During this the centennial year of Albert Einstein’s epochal papers from his miraculous year, I was prompted to read again his paper on the quantum nature of radiation. 1 Surprisingly, I found a gap in his earliest argument for the existence of photons, a gap that apparently has remained unnoticed up to the present.
Einstein’s argument was based on his proof that for sufficiently large frequencies the entropy of thermal radiation varies logarithmically with the volume, in the same manner it does in an ideal gas. He concluded that “monochromatic radiation of low density (within the range of validity of Wien’s radiation formula) behaves thermodynamically as if it consisted of mutually independent quanta [photons] of magnitude hv,”1 where v is the frequency of the radiation and h is Planck’s constant. In a footnote Einstein also gave a derivation, based on his entropy—volume relation, for the familiar pressure—volume formula of an ideal gas. But substituting in this formula Einstein’s relation for the number of photons—that is, the energy of the monochromatic thermal radiation divided by hv—results in an incorrect expression for the pressure. This pressure is one-third of the energy density of the radiation, as was originally shown by Maxwell for the case of electromagnetic waves. Moreover, a kinetic-theory calculation of the pressure shows that this relation is also valid for photons.
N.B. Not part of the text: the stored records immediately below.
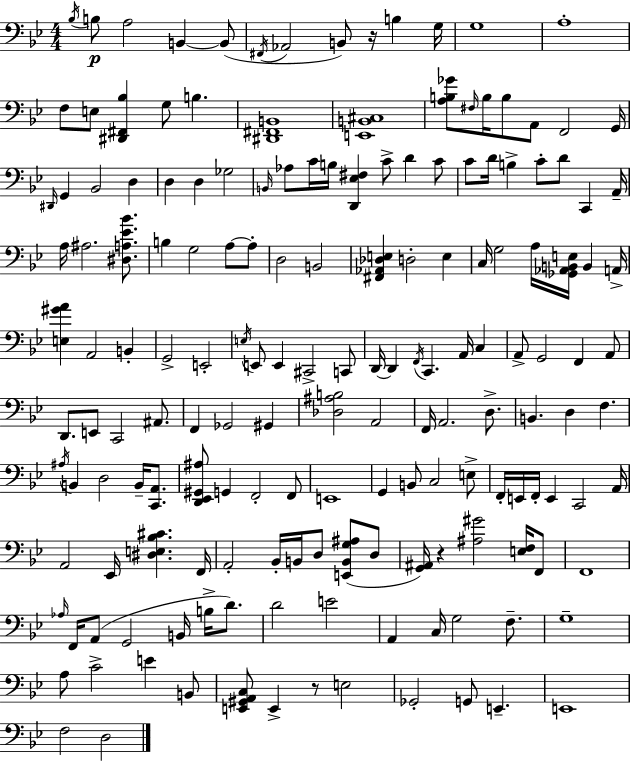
{
  \clef bass
  \numericTimeSignature
  \time 4/4
  \key bes \major
  \acciaccatura { bes16 }\p b8 a2 b,4~~ b,8( | \acciaccatura { fis,16 } aes,2 b,8) r16 b4 | g16 g1 | a1-. | \break f8 e8 <dis, fis, bes>4 g8 b4. | <dis, fis, b,>1 | <e, b, cis>1 | <a b ges'>8 \grace { fis16 } b16 b8 a,8 f,2 | \break g,16 \grace { dis,16 } g,4 bes,2 | d4 d4 d4 ges2 | \grace { b,16 } aes8 c'16 b16 <d, ees fis>4 c'8-> d'4 | c'8 c'8 d'16 b4-> c'8-. d'8 | \break c,4 a,16-- a16 ais2. | <dis a ees' bes'>8. b4 g2 | a8~~ a8-. d2 b,2 | <fis, aes, des e>4 d2-. | \break e4 c16 g2 a16 <ges, aes, b, e>16 | b,4 a,16-> <e gis' a'>4 a,2 | b,4-. g,2-> e,2-. | \acciaccatura { e16 } e,8 e,4 cis,2-> | \break c,8 d,16~~ d,4 \acciaccatura { f,16 } c,4. | a,16 c4 a,8-> g,2 | f,4 a,8 d,8. e,8 c,2 | ais,8. f,4 ges,2 | \break gis,4 <des ais b>2 a,2 | f,16 a,2. | d8.-> b,4. d4 | f4. \acciaccatura { ais16 } b,4 d2 | \break b,16-- <c, a,>8. <d, ees, gis, ais>8 g,4 f,2-. | f,8 e,1 | g,4 b,8 c2 | e8-> f,16-. e,16 f,16-. e,4 c,2 | \break a,16 a,2 | ees,16 <dis e bes cis'>4. f,16 a,2-. | bes,16-. b,16 d8 <e, b, g ais>8( d8 <g, ais,>16) r4 <ais gis'>2 | <e f>16 f,8 f,1 | \break \grace { aes16 } f,16 a,8( g,2 | b,16 b16-> d'8.) d'2 | e'2 a,4 c16 g2 | f8.-- g1-- | \break a8 c'2-> | e'4 b,8 <e, gis, a, c>8 e,4-> r8 | e2 ges,2-. | g,8 e,4.-- e,1 | \break f2 | d2 \bar "|."
} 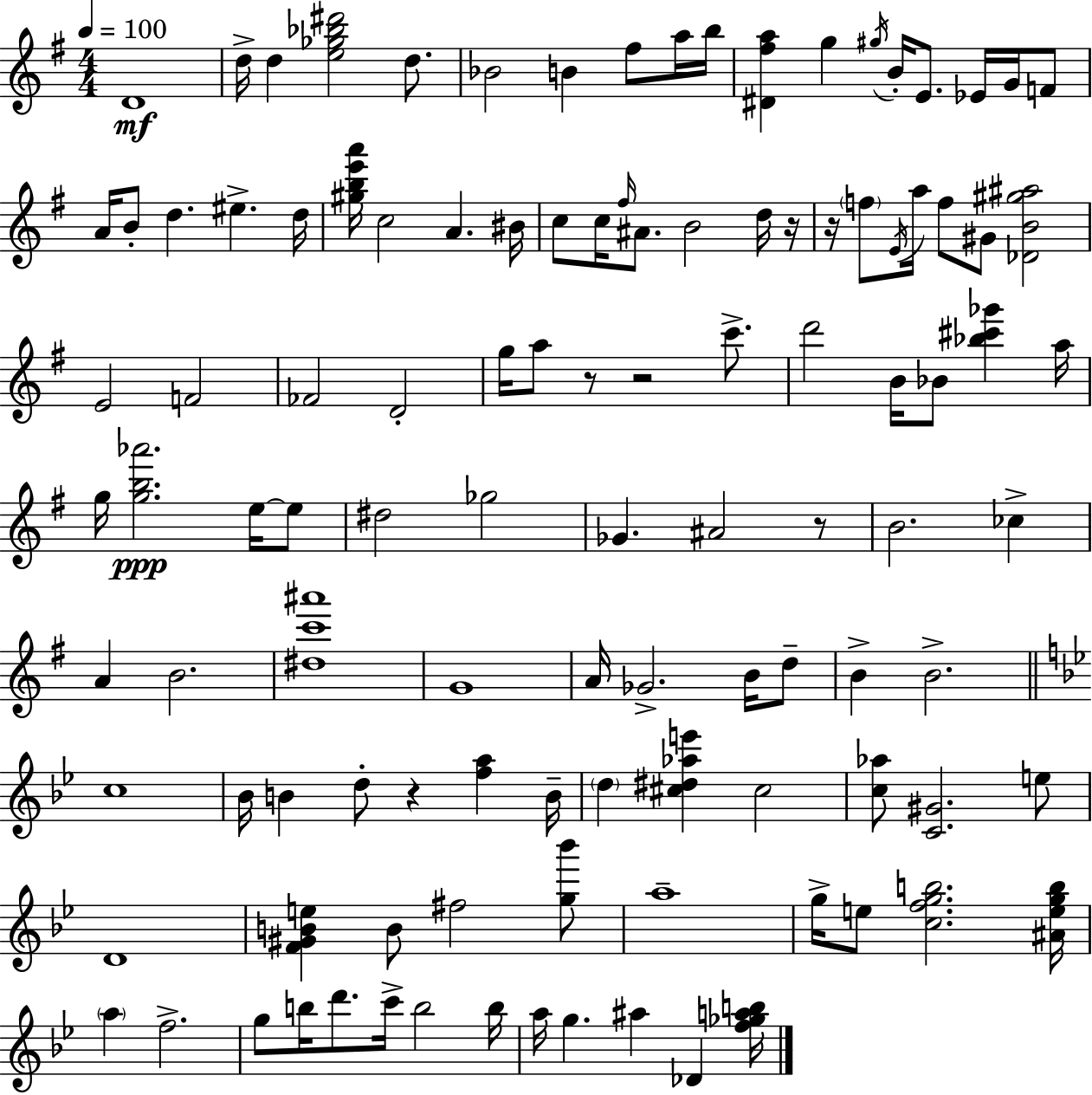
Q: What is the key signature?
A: E minor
Maxwell’s relation also played a fundamental role in Boltzmann’s derivation of the dependence of thermal radiation on the fourth power of the temperature, and in Wien’s derivation of the general dependence of the thermal energy density on both frequency and temperature. I have not found any evidence, however, that Einstein’s contemporaries noticed the problem with calculating the pressure of monochromatic thermal radiation from Einstein’s entropy—volume relation, nor has this problem been pointed out in commentaries about this paper. 1,2
What is the solution to the pressure paradox? Einstein considered the volume dependence of the radiation entropy for fixed frequency v, but in an actual thermodynamic process, where the volume V is changed by moving a piston, the frequency does not remain fixed, because the wavelength is proportional to the linear dimensions of the cavity. Hence, the frequency v varies as V −1/3, giving the entropy an additional volume dependence that was not discussed by Einstein. It can be readily verified that this addition leads to a thermodynamic derivation of Maxwell’s relation for the pressure of isotropic radiation, filling in a longstanding gap in Einstein’s earliest thermodynamic argument for the existence of photons.